How to implement a Median-heap

62,870

Solution 1

You need two heaps: one min-heap and one max-heap. Each heap contains about one half of the data. Every element in the min-heap is greater or equal to the median, and every element in the max-heap is less or equal to the median.

When the min-heap contains one more element than the max-heap, the median is in the top of the min-heap. And when the max-heap contains one more element than the min-heap, the median is in the top of the max-heap.

When both heaps contain the same number of elements, the total number of elements is even. In this case you have to choose according your definition of median: a) the mean of the two middle elements; b) the greater of the two; c) the lesser; d) choose at random any of the two...

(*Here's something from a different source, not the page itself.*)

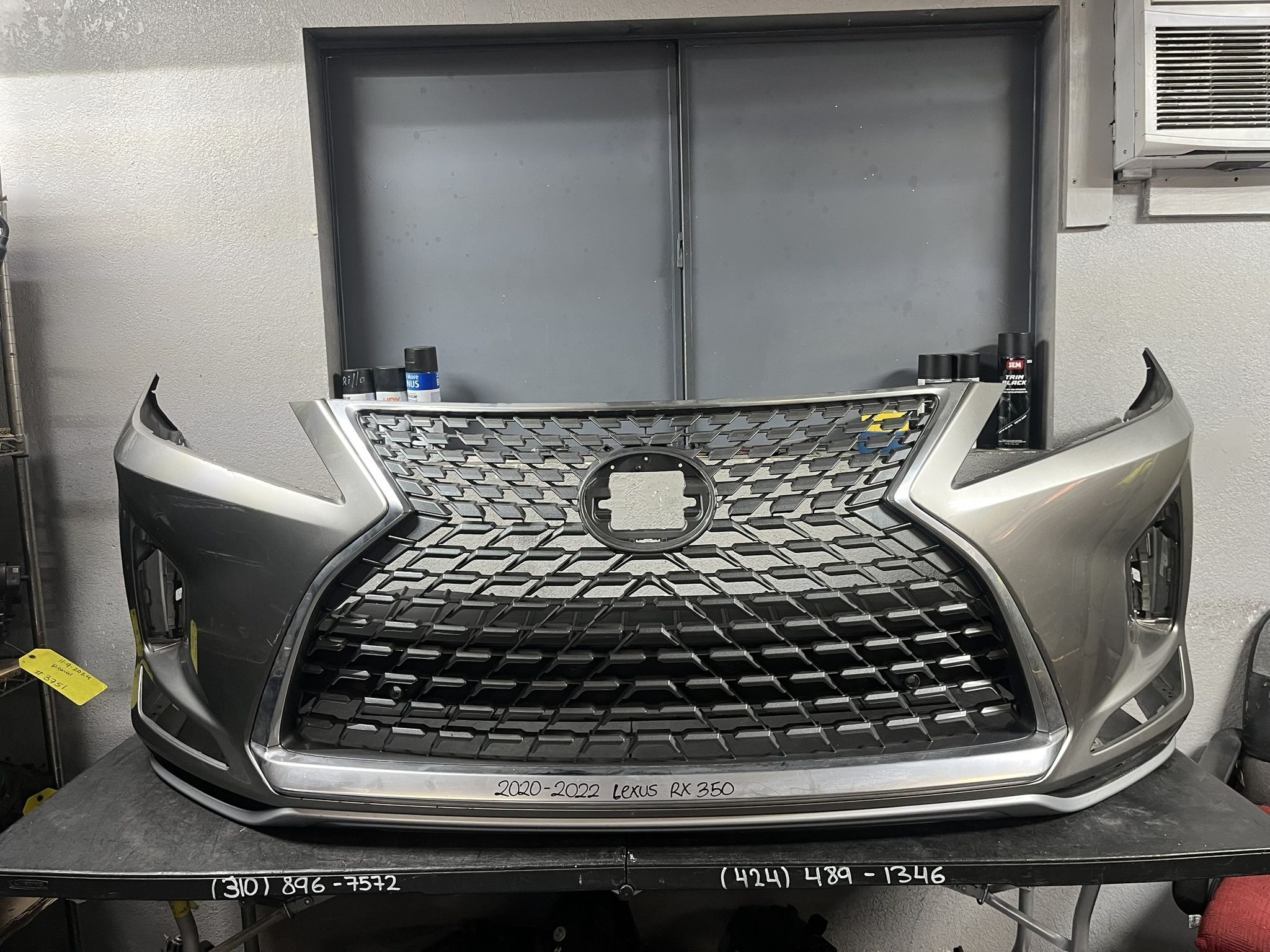 2020-2021-2022 LEXUS RX RX350 FRONT BUMPER OEM USED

Every time you insert, compare the new element with those at the top of the heaps in order to decide where to insert it. If the new element is greater than the current median, it goes to the min-heap. If it is less than the current median, it goes to the max heap. Then you might need to rebalance. If the sizes of the heaps differ by more than one element, extract the min/max from the heap with more elements and insert it into the other heap.

In order to construct the median heap for a list of elements, we should first use a linear time algorithm and find the median. Once the median is known, we can simply add elements to the Min-heap and Max-heap based on the median value. Balancing the heaps isn't required because the median will split the input list of elements into equal halves.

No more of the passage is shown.